L’Inde s’insinue lentement dans le quartier – autrefois bien grec – de Parc-Extension. Un quartier où se côtoient les peintres en bâtiments portugais, les femmes de ménage antillaises, les jeunes couples francos et les commerçants africains. Les soirs d’été torrides, on entend aussi bien le fado que le rap sur ces artères animées dont les maisons, emprisonnées entre la rue Jean-Talon et la Métropolitaine, offrent des vues imprenables sur d’inquiétantes manufactures. Mais le visage de Parc-Extension change. Et les Indiens – toutes régions confondues – font partie de ce changement.
Le Punjab Palace fait partie de cette dernière génération: un troquet spacieux, décoré simplement mais avec une certaine conscience de l’aménagement, habituellement limité dans ce genre d’endroits ornés le plus souvent de lumières de Noël sur des murs couleur framboise écrasée. Des restos qui ne nous transportent pas en Inde mais dans un salon de bronzage sur Mars.
Le souci porté au cadre s’estompe un peu dans la cuisine, inégale, qui n’a rien de mémorable et qui semble attirer davantage les gringos que les Indiens. On nous propose un menu classique de cet état frontalier avec le Pakistan, où la cuisine est généralement riche en beurre et en crème; ici, on a l’impression de manger une cuisine pour touristes, édulcorée et un peu ennuyeuse. Ce qui nous dit qu’il y a autant de manières de faire un curry qu’il y a de cuisiniers. Et les cuisiniers, comme les hommes, n’ont pas tous été créés égaux.

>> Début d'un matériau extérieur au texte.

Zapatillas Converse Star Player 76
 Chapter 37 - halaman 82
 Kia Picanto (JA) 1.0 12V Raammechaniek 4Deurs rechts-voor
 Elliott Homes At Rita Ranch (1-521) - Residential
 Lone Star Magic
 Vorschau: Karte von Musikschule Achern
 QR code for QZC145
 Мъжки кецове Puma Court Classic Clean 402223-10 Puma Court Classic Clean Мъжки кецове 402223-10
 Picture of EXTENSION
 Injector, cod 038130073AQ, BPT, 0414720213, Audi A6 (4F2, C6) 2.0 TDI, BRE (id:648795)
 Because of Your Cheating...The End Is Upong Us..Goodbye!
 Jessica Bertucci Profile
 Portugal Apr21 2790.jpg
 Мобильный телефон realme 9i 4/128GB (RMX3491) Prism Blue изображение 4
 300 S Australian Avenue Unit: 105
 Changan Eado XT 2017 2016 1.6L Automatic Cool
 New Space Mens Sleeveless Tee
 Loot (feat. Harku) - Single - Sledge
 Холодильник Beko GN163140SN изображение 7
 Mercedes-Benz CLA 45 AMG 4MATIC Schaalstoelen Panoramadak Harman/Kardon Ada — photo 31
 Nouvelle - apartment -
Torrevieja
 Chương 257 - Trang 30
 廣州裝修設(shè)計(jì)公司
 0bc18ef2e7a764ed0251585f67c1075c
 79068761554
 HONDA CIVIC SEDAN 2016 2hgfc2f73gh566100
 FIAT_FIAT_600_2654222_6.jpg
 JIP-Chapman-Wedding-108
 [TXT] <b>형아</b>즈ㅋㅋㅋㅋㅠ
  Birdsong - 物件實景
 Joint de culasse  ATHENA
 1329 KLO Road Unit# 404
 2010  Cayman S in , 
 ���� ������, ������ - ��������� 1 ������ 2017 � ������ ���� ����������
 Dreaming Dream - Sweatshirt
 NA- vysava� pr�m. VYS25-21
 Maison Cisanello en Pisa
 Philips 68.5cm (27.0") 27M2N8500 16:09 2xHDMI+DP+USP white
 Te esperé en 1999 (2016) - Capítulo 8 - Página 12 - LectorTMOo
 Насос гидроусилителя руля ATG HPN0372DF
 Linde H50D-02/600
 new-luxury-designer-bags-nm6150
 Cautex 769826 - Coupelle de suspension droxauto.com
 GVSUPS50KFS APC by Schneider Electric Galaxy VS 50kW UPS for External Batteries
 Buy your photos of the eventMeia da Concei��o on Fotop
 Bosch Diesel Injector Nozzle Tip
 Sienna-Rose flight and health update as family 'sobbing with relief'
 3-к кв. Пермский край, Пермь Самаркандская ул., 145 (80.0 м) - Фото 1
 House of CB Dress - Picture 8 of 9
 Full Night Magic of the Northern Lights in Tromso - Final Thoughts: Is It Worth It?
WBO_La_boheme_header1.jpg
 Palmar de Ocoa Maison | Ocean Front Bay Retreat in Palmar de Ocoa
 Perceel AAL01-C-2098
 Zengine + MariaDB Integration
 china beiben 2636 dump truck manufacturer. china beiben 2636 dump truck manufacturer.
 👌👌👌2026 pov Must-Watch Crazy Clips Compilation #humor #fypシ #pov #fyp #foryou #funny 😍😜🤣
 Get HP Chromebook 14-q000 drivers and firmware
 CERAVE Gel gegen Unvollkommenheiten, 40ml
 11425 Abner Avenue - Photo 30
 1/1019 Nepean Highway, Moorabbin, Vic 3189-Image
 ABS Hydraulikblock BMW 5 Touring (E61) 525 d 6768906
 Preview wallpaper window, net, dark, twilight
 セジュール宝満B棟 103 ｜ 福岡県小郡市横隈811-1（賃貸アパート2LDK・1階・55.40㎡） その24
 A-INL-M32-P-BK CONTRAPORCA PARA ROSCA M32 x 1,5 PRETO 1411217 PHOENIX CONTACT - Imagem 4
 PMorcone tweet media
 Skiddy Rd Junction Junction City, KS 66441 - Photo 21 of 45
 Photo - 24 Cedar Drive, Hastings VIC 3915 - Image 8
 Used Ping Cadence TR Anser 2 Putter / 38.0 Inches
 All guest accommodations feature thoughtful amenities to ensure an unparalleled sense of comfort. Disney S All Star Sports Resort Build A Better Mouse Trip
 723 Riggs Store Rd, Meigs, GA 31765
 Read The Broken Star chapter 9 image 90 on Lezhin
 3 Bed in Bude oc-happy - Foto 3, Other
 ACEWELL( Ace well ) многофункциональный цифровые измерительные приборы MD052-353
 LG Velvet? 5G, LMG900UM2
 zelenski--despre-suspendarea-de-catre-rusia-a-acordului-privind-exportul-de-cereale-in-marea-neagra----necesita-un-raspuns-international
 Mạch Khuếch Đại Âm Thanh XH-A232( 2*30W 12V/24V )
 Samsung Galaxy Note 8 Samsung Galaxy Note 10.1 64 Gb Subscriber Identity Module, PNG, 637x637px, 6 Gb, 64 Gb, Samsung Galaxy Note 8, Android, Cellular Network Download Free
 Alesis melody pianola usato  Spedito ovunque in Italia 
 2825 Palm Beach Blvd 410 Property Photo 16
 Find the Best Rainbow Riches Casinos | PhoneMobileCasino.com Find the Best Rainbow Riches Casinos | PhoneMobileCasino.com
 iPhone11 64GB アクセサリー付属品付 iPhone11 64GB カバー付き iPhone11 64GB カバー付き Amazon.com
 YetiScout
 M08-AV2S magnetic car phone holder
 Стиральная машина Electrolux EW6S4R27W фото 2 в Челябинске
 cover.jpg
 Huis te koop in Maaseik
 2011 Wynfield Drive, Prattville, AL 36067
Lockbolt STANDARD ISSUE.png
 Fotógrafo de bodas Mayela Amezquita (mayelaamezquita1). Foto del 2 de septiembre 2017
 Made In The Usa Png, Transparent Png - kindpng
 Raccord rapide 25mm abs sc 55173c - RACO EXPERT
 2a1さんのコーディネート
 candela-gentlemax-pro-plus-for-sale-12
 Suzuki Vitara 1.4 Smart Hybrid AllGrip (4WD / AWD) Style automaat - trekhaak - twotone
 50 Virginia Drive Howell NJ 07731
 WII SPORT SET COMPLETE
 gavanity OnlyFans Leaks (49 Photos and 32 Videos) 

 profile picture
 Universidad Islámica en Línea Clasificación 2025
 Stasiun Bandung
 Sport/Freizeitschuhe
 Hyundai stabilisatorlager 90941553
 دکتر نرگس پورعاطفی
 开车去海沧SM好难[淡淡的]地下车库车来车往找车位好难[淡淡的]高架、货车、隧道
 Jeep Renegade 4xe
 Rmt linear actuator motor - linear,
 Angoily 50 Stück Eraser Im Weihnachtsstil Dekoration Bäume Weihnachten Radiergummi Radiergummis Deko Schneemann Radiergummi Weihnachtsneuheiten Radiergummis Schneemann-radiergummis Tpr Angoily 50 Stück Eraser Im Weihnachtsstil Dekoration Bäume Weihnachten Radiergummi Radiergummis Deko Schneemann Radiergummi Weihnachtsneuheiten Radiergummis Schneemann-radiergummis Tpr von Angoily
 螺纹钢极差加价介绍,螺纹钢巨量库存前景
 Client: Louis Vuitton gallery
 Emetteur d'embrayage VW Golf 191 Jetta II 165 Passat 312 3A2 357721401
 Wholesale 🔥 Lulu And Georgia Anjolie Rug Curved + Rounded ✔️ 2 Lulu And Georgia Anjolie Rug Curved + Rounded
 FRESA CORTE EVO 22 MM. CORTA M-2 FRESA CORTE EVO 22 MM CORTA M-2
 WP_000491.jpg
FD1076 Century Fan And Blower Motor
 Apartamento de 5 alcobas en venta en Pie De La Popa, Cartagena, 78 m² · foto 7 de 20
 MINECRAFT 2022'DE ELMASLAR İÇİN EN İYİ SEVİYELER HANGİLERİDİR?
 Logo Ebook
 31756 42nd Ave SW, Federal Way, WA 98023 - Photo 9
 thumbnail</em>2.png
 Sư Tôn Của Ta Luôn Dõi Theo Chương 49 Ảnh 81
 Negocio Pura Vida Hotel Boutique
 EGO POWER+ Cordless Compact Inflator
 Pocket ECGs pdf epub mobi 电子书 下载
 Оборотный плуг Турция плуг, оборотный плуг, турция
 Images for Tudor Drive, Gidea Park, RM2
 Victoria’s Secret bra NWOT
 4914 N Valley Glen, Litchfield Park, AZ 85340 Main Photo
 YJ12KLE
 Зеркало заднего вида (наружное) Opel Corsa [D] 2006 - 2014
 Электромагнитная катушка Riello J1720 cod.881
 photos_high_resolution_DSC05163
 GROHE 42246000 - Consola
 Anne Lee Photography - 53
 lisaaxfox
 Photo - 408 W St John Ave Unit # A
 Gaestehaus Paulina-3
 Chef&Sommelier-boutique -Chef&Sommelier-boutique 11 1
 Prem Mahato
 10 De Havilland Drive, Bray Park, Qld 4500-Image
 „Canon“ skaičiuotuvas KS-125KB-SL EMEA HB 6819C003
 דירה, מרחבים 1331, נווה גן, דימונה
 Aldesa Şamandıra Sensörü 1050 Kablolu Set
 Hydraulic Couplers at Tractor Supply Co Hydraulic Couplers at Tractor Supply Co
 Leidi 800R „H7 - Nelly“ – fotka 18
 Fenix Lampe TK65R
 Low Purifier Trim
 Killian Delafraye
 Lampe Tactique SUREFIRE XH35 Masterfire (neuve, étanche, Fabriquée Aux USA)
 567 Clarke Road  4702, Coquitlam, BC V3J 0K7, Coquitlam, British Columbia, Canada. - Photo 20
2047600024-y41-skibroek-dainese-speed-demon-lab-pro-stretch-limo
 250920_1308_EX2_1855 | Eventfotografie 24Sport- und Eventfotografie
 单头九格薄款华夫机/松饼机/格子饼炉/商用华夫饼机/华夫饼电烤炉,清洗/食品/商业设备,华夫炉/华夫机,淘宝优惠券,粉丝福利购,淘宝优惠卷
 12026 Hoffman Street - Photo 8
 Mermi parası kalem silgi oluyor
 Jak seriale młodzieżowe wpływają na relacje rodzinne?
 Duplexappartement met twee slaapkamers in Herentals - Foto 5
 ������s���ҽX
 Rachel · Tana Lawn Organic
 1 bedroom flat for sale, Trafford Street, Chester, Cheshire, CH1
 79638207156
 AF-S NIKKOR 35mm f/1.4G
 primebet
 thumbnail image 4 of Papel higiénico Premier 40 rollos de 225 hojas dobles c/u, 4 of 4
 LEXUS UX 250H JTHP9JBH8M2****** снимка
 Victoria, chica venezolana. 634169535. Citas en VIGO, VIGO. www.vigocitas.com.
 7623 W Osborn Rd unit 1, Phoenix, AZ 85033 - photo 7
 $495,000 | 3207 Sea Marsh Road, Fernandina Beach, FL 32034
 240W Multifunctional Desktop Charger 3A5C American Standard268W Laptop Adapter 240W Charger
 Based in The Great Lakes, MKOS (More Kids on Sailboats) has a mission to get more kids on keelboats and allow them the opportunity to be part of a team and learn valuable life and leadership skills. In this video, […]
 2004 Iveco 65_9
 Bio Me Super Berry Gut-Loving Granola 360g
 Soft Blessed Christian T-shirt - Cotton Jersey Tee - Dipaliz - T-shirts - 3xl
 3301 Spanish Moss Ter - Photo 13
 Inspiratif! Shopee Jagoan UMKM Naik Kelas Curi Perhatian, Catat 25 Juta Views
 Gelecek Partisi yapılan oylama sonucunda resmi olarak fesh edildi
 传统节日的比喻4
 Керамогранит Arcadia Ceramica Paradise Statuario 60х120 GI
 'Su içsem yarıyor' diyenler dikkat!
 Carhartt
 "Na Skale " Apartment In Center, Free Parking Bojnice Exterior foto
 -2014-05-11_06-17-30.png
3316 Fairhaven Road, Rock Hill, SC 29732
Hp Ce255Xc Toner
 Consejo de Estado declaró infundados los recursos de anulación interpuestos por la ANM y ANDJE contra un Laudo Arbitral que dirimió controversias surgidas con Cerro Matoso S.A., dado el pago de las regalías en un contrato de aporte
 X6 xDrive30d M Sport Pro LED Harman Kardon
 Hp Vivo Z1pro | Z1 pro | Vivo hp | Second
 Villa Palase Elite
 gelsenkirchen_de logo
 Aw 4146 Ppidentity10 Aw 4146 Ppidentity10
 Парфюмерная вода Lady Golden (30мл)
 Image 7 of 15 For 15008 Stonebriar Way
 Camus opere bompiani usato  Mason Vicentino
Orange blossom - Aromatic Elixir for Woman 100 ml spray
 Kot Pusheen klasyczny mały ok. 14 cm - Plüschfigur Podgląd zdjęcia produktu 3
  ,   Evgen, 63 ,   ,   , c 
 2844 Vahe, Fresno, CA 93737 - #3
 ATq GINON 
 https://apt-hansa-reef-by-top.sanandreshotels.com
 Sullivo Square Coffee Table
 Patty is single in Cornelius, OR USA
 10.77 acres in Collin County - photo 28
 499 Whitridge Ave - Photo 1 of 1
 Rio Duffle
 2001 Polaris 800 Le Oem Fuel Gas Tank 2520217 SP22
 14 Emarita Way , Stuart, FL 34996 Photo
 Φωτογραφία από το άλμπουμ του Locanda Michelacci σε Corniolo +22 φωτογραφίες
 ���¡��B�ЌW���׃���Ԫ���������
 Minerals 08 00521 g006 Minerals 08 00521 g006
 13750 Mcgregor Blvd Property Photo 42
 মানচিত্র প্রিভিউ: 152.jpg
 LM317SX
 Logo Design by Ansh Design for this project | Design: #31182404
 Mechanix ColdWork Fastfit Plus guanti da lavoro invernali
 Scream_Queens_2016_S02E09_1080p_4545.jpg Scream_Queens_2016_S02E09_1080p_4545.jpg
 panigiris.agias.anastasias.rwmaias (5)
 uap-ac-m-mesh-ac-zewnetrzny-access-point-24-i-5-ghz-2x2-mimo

Le meilleur de l’échantillon s’est présenté en premier: des pakoras d’oignons craquants et dorés, frits à la bonne température et donc assez peu gras, et des samosas absolument succulents et surtout frais, farcis de pommes de terre bien relevées sous une pâte croustillante qu’on prenait un réel plaisir à tremper dans un chutney de tamarin. Le malheur, c’est que le reste donnait l’impression d’être une série de currys à peu près tous semblables, un navratan – censé être un prodige mêlant épices, fruits secs et épices – qui présentait des légumes surcuits dans une sauce vaguement distincte de l’alu gobi – chou-fleur et pommes de terre. Les viandes – un korma de poulet et un curry d’agneau – étaient un peu desséchées malgré la sauce savoureuse dans laquelle elles baignaient. Le plat de lentilles en purée avait un goût de réchauffé et de poudre de curry. Autrement, le riz et les pains habituels étaient d’honnête facture, même s’il n’y a rien de remarquable pour un cuisinier indien à produire les céréales de tous les jours. C’est une cuisine de palace, ça? Nous comprenons qu’avec les prix pratiqués (pas bien cher), on ne moud pas les épices à la main comme on le fait dans les meilleures maisons et on ne prépare pas les currys à la minute. Par conséquent, ce palace-là sert plutôt une cuisine standardisée: tout est assemblé à partir de produits déjà confectionnés dans le commerce. N’espérez donc pas faire ici de grandes découvertes. Quant au service, vous attendrez. Pour tout: les plats, l’eau, le pain, l’addition. Comptez 40 $ à trois, avec les taxes et le service (sic!).
Punjab Palace
920, rue Jean-Talon Ouest
495-4075
Amuse-gueule
Si vous avez la télé numérique, jetez donc un oeil du côté du Food Network, une chaîne qui se spécialise en émissions de cuisine, 24 heures sur 24. Les stars de cette chaîne font de la télé-cuisine d’un tout nouveau genre, qui relègue nos animateurs locaux au rang de dinosaures. Nigella Lawson, une coquette Britannique dont la cuisine est orientée "world", pousse des petits cris jouissifs en léchant ses cuillères. Jamie Oliver est un jeune Londonien enthousiaste et sexy, qui zozote à toute vitesse et propose une cuisine vaguement méditerranéenne faite en deux temps, trois mouvements. Emeril Lagasse cuisine en direct, accompagné d’un band à la manière d’un Letterman en tablier. Mario Batali cuisine italien devant ses chums en portant une jupe. Quant à Bob Blumer, animateur d’un show baptisé The Surreal Gourmet, il fait cuire du saumon dans un lave-vaisselle ou des bananes sur un hibiscus, et construit son menu devant une roulotte en alu, années 50, sur laquelle trônent deux toasts gigantesques. Pas banal. Apprend-on à faire les sauces dans ces shows? Pas vraiment. Pas le temps. La caméra nerveuse, à l’épaule, et la musique rythmée nous empêchent de nous concentrer sur l’essentiel. Mais ces shows sont tout à fait divertissants: des émissions de variétés déguisées en leçons de cuisine. Mais, au fond, qui s’en soucie si l’on s’amuse!